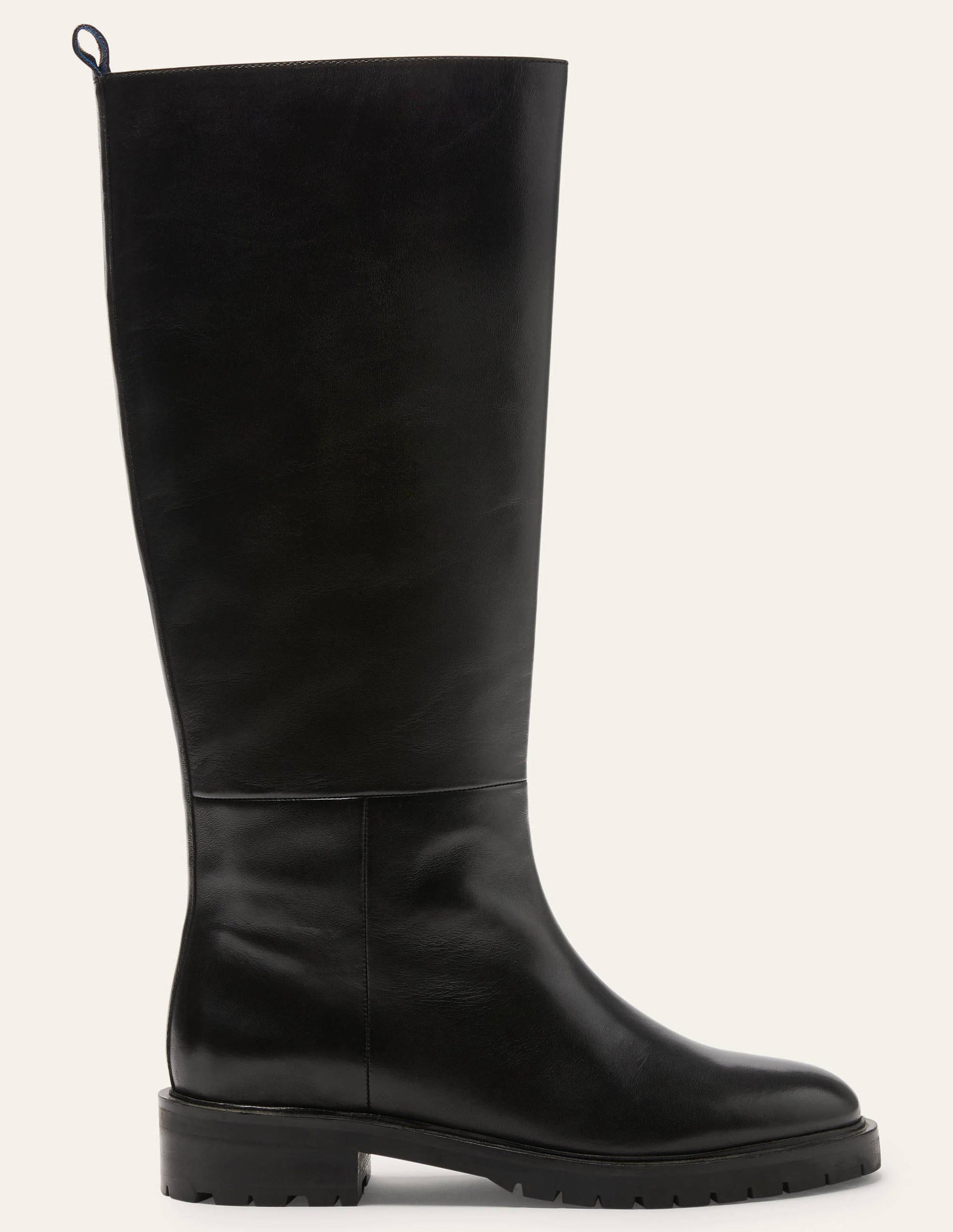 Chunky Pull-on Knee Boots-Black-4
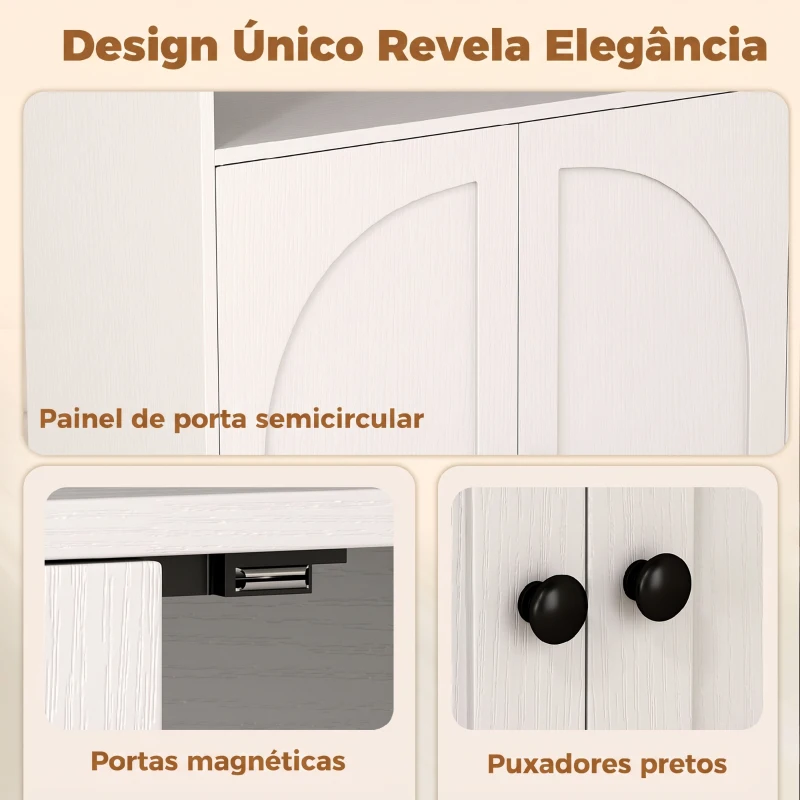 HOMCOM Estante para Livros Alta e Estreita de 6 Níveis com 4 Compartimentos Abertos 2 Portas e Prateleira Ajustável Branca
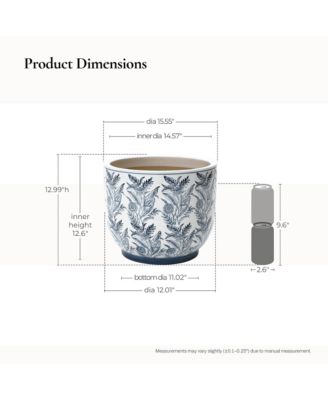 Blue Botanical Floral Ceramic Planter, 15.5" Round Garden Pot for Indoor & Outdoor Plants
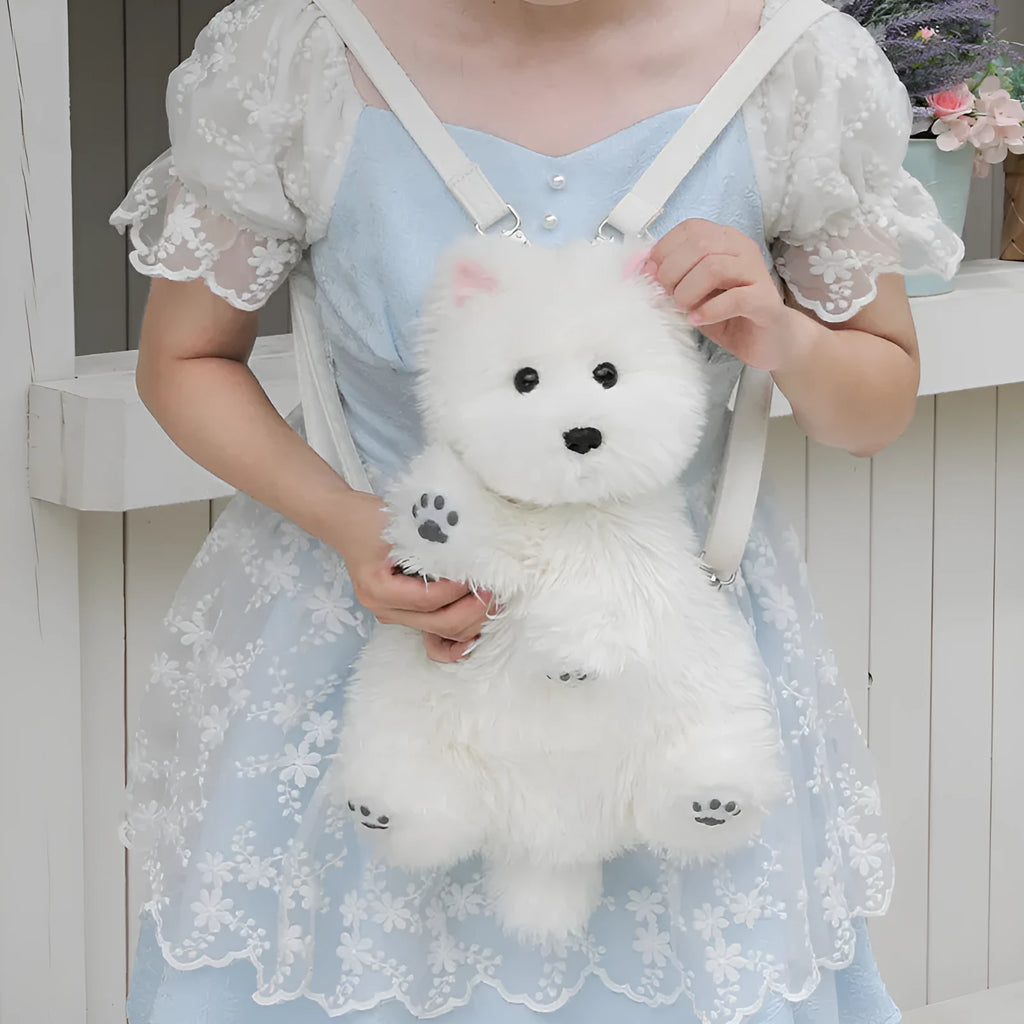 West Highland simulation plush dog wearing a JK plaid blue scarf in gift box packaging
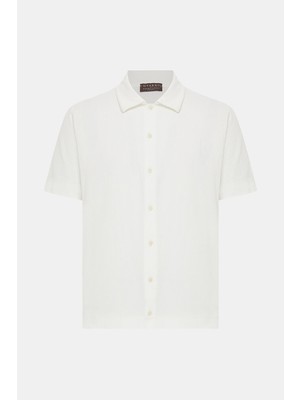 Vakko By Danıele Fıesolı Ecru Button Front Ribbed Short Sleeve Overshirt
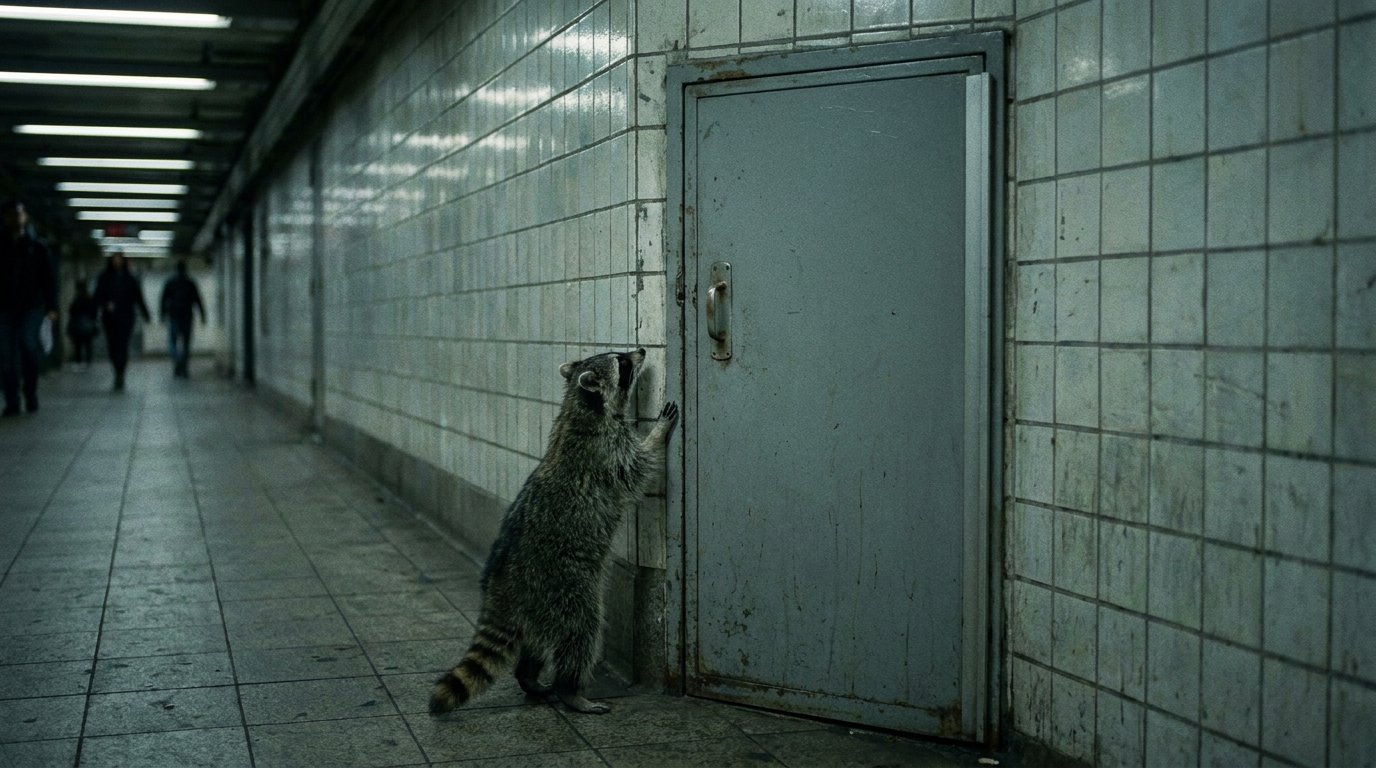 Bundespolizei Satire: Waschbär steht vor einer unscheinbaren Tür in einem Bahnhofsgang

========================================

• _What is needed_
Give again, exactly as written, the lines from the one with "HOMCOM Estante para" through the last line of the entries above, but skip the pictures.

• _Response below_
 HOMCOM Estante para Livros Alta e Estreita de 6 Níveis com 4 Compartimentos Abertos 2 Portas e Prateleira Ajustável Branca
 Blue Botanical Floral Ceramic Planter, 15.5" Round Garden Pot for Indoor & Outdoor Plants
 West Highland simulation plush dog wearing a JK plaid blue scarf in gift box packaging
 Vakko By Danıele Fıesolı Ecru Button Front Ribbed Short Sleeve Overshirt
 Bundespolizei Satire: Waschbär steht vor einer unscheinbaren Tür in einem Bahnhofsgang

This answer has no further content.